=== Work item ===
In the records below, find the line that contains "Aalto Preview Wordpress" and the line that contains "Sep 2015 Fiat 500 1.2 Pop 3dr [Start Stop]". Set down exactly those lines and every line between them, and nothing more.

═══ Exercise input ═══

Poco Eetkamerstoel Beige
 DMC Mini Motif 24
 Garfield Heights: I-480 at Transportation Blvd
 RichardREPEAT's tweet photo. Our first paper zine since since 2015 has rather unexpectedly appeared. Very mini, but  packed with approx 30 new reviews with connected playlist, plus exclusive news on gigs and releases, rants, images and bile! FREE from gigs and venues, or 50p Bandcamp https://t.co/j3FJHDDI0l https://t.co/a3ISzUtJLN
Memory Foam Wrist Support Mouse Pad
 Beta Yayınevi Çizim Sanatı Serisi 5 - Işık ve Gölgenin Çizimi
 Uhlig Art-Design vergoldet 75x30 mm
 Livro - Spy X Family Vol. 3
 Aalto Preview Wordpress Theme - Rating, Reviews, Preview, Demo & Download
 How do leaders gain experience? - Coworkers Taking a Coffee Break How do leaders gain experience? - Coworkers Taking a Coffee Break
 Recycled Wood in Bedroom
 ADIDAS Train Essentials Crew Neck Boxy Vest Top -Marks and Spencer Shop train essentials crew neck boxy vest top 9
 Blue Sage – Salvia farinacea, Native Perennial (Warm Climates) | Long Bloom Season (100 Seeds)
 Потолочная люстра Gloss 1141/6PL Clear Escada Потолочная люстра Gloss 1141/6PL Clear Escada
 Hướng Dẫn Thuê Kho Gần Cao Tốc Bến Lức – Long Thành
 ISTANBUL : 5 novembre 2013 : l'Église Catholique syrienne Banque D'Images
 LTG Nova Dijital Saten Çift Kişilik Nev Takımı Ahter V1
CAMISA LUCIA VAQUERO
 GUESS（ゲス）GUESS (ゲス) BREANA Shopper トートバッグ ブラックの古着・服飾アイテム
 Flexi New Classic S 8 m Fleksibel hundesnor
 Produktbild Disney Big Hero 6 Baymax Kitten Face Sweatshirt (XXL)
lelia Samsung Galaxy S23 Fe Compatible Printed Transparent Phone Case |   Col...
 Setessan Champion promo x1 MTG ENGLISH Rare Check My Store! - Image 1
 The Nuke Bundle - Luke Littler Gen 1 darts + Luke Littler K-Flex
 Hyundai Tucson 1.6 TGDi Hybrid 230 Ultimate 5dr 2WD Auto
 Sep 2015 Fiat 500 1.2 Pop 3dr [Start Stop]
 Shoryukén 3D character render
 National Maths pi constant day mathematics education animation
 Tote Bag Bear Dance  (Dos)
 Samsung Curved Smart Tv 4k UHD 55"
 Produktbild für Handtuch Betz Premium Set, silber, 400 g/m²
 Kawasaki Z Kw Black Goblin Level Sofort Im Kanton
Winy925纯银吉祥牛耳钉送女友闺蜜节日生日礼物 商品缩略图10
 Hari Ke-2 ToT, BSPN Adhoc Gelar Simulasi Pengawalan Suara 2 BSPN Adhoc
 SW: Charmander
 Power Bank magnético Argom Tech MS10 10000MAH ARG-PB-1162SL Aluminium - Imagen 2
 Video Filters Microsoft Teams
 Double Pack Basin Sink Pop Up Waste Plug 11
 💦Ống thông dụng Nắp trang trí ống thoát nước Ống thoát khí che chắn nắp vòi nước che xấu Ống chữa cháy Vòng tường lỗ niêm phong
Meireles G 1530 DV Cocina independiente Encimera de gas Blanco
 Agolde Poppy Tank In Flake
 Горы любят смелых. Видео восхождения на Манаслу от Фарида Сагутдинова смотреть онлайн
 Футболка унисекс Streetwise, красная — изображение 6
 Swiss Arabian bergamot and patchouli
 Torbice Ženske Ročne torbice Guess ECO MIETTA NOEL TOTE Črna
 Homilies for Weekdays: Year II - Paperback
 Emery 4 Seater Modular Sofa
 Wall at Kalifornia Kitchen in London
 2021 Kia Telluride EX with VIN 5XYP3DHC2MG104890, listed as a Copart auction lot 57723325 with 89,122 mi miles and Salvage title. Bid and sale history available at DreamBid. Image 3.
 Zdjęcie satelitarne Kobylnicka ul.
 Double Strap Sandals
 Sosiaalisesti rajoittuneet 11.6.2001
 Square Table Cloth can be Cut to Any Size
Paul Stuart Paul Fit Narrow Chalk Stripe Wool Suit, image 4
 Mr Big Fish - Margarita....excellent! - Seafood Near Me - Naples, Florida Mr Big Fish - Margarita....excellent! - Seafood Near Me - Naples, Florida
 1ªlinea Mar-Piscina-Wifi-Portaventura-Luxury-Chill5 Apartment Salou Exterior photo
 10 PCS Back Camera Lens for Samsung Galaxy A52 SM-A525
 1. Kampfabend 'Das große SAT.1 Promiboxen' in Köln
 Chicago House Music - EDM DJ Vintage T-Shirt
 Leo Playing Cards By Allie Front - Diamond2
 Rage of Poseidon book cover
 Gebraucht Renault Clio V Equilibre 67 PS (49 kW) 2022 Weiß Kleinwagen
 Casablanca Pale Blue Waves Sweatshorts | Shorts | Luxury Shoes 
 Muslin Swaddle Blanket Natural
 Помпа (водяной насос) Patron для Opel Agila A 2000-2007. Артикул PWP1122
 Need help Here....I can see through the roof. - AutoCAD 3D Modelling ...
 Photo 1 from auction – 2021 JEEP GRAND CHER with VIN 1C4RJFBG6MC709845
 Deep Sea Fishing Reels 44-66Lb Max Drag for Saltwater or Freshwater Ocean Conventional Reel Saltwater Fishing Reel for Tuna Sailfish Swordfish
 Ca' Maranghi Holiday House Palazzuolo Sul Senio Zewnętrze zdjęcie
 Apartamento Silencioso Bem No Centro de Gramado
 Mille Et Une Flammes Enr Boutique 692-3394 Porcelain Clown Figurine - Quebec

═══

=== Result of this exercise ===
 Aalto Preview Wordpress Theme - Rating, Reviews, Preview, Demo & Download
 How do leaders gain experience? - Coworkers Taking a Coffee Break How do leaders gain experience? - Coworkers Taking a Coffee Break
 Recycled Wood in Bedroom
 ADIDAS Train Essentials Crew Neck Boxy Vest Top -Marks and Spencer Shop train essentials crew neck boxy vest top 9
 Blue Sage – Salvia farinacea, Native Perennial (Warm Climates) | Long Bloom Season (100 Seeds)
 Потолочная люстра Gloss 1141/6PL Clear Escada Потолочная люстра Gloss 1141/6PL Clear Escada
 Hướng Dẫn Thuê Kho Gần Cao Tốc Bến Lức – Long Thành
 ISTANBUL : 5 novembre 2013 : l'Église Catholique syrienne Banque D'Images
 LTG Nova Dijital Saten Çift Kişilik Nev Takımı Ahter V1
CAMISA LUCIA VAQUERO
 GUESS（ゲス）GUESS (ゲス) BREANA Shopper トートバッグ ブラックの古着・服飾アイテム
 Flexi New Classic S 8 m Fleksibel hundesnor
 Produktbild Disney Big Hero 6 Baymax Kitten Face Sweatshirt (XXL)
lelia Samsung Galaxy S23 Fe Compatible Printed Transparent Phone Case |   Col...
 Setessan Champion promo x1 MTG ENGLISH Rare Check My Store! - Image 1
 The Nuke Bundle - Luke Littler Gen 1 darts + Luke Littler K-Flex
 Hyundai Tucson 1.6 TGDi Hybrid 230 Ultimate 5dr 2WD Auto
 Sep 2015 Fiat 500 1.2 Pop 3dr [Start Stop]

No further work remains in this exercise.